Whew. This was a long pair of weeks. Between the marathon travel (and the actualy marathon for Jodi), the return to CA, two days of non-stop meetings (and work?), then travel to and from DC for my friend’s wedding, Jodi and I are EXHAUSTED. In addition to exhausted, we are also 2000 miles apart.
Let’s backtrack a bit. The wedding was wonderful. It was a small ceremony in a manor house at a golf course in Virginia. The reception was held in an adjoining building. Even the rain finally gave it a rest so that we could all enjoy ourselves, after drenching the mid-Atlantic for several days. The wedding was a chance to “renew acquaintences from college”:http://www.cooleysekula.net/wp-content/uploads/cs-015.png, to catch up with the happy couple and their families (the groom’s family I met for the first time), and to have a fun evening (with… my GOD… a little dancing even thrown in for good measure).
This weekend also got me thinking a lot about parallel worlds, chance, and life. Whoa there. That’s right: a wedding got me thinking about parallel universes.
Max Tegmark, among others, has ruminated heavily on the possibility of parallel universes. This young professor from MIT has several categories of parallel universe, one of which are quantum parallel universes that branch every time a quantum state collapses. The argument is that all quantum states are possible, and manifest as multiple copies of the same universe, but along different branch points of the quantum outcome. Each Steve, in his own universe, only perceives the history connected to the outcome his universe is born from.
Really, it’s all a pile of theoretical bull-hooey. Until a test can be devised to actually discern the presence of such parallel worlds, or until the different possible categories can be distinguished or ruled out, this is all a sugar-wasting brain exercise. That said, it sure is fun philosophy. Actually, it’s kind of a dark philosophy (at least in the way I wound up using it).

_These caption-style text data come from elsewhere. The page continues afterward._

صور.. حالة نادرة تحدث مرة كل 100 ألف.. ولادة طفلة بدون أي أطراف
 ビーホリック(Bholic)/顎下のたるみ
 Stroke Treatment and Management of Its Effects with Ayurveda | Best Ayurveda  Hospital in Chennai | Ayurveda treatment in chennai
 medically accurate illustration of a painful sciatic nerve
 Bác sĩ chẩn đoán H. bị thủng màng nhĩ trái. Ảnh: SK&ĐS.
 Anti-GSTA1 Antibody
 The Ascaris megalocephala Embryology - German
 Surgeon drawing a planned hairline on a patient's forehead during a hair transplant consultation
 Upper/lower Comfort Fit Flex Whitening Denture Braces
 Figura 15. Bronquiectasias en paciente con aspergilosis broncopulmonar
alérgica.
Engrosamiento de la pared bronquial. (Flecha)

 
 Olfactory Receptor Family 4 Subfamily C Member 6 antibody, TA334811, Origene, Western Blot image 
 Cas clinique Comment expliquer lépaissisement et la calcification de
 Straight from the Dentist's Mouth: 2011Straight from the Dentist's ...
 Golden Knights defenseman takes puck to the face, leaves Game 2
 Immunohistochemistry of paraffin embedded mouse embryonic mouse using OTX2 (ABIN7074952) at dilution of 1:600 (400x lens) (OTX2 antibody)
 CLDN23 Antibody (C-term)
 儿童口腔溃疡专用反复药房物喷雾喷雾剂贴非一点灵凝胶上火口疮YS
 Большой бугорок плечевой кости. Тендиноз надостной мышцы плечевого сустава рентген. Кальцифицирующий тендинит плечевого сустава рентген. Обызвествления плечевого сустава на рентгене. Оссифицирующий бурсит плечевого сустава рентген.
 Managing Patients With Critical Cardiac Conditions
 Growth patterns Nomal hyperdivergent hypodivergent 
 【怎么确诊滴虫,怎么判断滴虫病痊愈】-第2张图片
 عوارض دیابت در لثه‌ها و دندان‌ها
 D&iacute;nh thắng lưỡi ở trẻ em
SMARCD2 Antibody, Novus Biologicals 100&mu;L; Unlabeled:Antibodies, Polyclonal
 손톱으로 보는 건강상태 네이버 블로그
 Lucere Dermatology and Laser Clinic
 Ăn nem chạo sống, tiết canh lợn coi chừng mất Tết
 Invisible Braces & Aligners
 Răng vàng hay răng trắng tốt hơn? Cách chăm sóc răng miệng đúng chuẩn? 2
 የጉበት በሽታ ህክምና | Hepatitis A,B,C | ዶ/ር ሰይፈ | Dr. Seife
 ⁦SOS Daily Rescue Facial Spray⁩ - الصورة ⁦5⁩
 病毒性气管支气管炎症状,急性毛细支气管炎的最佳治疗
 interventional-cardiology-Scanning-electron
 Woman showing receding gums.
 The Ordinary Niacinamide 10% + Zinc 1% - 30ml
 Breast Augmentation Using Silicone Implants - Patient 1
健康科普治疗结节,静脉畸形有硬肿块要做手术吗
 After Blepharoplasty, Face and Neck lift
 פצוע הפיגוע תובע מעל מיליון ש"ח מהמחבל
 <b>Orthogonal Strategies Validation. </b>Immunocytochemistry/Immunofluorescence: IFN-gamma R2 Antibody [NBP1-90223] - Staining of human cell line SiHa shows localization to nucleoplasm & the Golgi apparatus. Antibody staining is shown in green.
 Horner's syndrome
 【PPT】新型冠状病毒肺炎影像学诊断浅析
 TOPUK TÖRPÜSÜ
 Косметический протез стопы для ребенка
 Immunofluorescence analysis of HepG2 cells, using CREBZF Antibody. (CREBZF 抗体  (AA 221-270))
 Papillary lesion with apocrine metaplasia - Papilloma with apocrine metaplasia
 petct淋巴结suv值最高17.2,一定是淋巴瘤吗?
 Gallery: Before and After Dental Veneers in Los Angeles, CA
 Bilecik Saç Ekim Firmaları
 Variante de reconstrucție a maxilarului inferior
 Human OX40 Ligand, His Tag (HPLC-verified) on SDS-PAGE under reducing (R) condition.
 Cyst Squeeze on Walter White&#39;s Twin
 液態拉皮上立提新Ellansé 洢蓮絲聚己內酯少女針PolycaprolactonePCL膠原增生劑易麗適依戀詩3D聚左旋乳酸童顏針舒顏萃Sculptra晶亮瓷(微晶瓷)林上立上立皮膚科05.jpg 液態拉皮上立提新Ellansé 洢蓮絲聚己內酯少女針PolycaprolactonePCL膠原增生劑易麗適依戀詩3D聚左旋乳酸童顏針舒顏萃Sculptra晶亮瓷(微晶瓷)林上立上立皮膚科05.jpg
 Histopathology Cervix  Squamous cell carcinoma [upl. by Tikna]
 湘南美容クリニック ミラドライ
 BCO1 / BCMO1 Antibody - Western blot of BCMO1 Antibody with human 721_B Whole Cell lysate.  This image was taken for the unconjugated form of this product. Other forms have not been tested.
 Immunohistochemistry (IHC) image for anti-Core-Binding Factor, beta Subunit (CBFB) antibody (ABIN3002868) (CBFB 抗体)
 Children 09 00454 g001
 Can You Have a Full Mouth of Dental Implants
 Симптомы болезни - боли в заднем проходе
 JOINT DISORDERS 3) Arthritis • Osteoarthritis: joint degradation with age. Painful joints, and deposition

During the wedding, the topic of one of my ex-girlfriends – the one I dated right before Jodi – came up. After the wedding, I got to thinking about Tegmark’s parallel universes based on quantum outcomes. For instance, chemical processes (which drive emotion, decision, and thought) are fundementally quantum mechanical. One can construct a long argument that every time a choice is made, you’ve entered a particular quantum state (which is based on the microscopic outcomes of the chemical processes underlying consciousness). I asked myself: what if things had been slightly different back before 1998, when I met Jodi in grad school?
I started to imagine worlds where Jodi, having applied to Yale and having been accepted, met me in college in physics when I was a screwed up teenager on his own for the first time. Jodi would have been a Junior when I was a Freshman, so there’s a good chance I would have met her at colloquia. We’ve always kinda joked about this scenario (I’ve wished on many occasions I’d met her years earlier just to simplify my life), but we’ve also concluded that it’s quite likely that we might not have actually liked one another. She would have been a determined athelete, likely majoring in Engineering and not Physics (which was a switch she made by a long chain of events in her real college experience). I would have been a fairly shy, intimidated student with limited social skills, with a grudge against athletes. That’s a pretty bad universe. My life probably sucks in that universe.
Another scenario I wondered about was past relationships. What if past relationships that didn’t work out **had** worked out, as with my ex-girlfriend or with an ex-boyfriend of Jodi’s? We ran through the possibilities and identified a case for her where, had we gotten to UW-Madison under those circumstances, we likely would have never had the chance to hit it off.
Given how much I love Jodi, and how grateful I am for the life I have, I came to appreciate the delicate membranes that separate the consequences of one choice from another. If Tegmark is correct, and there are parallel worlds built from the branching trees of quantum collapse, they must surely be separated by a thin skin. Through such a wall, surely we must sense the joy, fear, and regret of our parallel selves as they – and we – cope with the choices we have made.
Given all that weighty philosophy Jodi and I tackled late at night in Virginia, after the wedding, it’s pretty crappy that she’s in Illinois all week for a bunch of meetings. Sigh. Guess it’s me and the cats.
Yes, yes! Get down from there. I’ll feed you!!!